There are some photographers who have a certain way of working and never deviate. A great example is Michael Kenna. He shoots with a square format camera in black and white and creates 7 inch square prints. He has been doing this for decades. There are other photographers, like Harry Callahan who are always switching formats, films and subjects. Harry Callahan was extremely eloquent in whatever he explored. He was verbal in the language of black and white as well as color. He could wield a 35mm camera on the street and also and 8×10 in Chicago. I hope I am at least a fraction as eloquent and talented as Mr. Callahan.
My practice is somewhere in between. I’ll stick with a subject, camera, film for years and then at one point I’ll have an itch to do something different. Sometimes I’ll go back to a subject I was exploring previously and have a different angle or better technique or even something new to say. For the past six or seven years I have been a street photographer in the classic mold, wandering the streets and reacting to what I saw. Lately I have been in a more contemplative mood (which may be a direct reaction to my somewhat chaotic family life at the moment).

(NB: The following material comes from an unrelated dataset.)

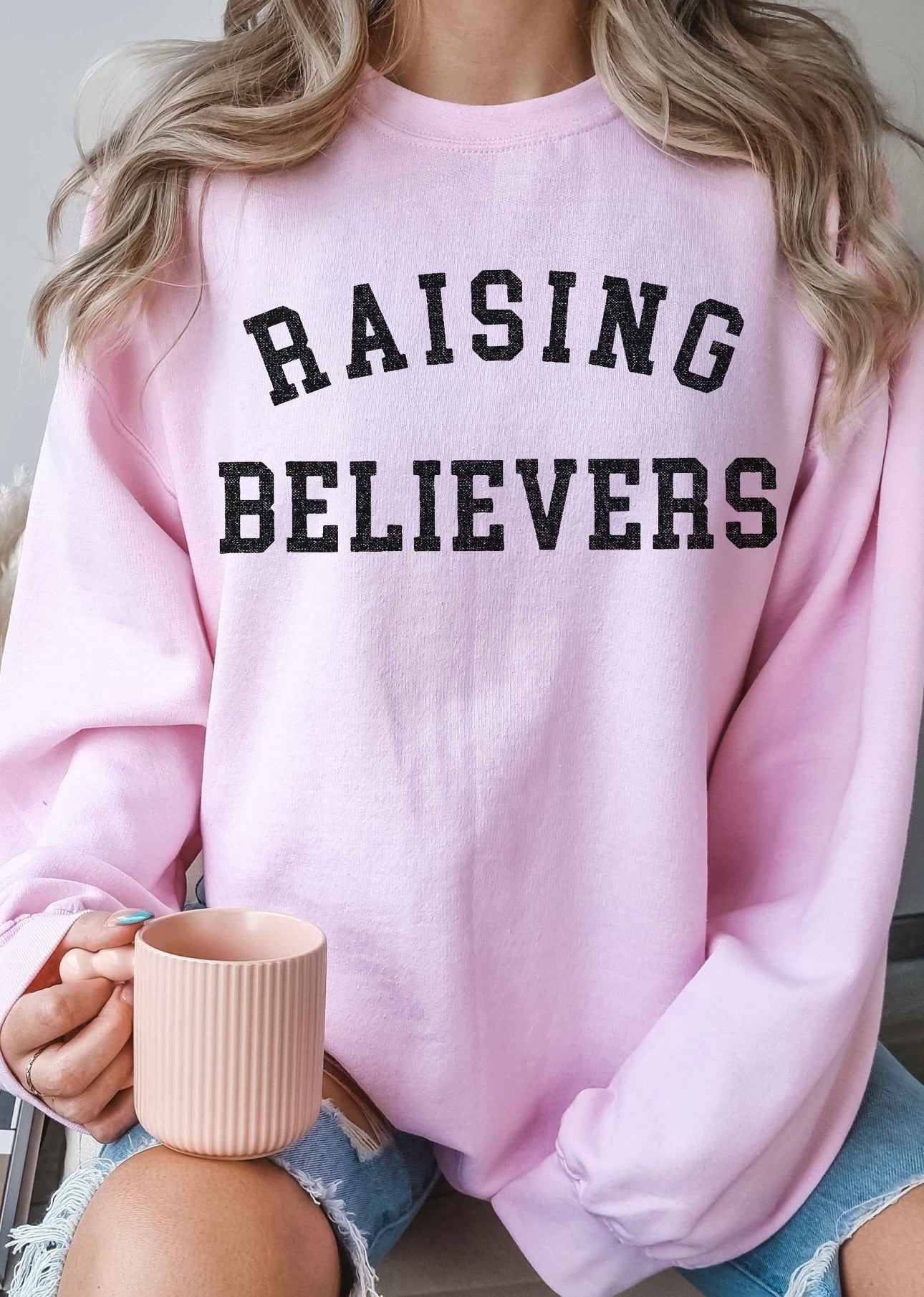 Raising believers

So I have been making images for my series, Up, which are not only more serene than my street photography but it’s in black and white.
I am also dusting off my Hasselblad (I just bought a new lens shade for the 80mm Hasselblad lens) and creating urban landscapes like I did years ago. Hopefully my craft and eye have matured to the point where I can say something significant. And again I will be exploring this subject in black and white.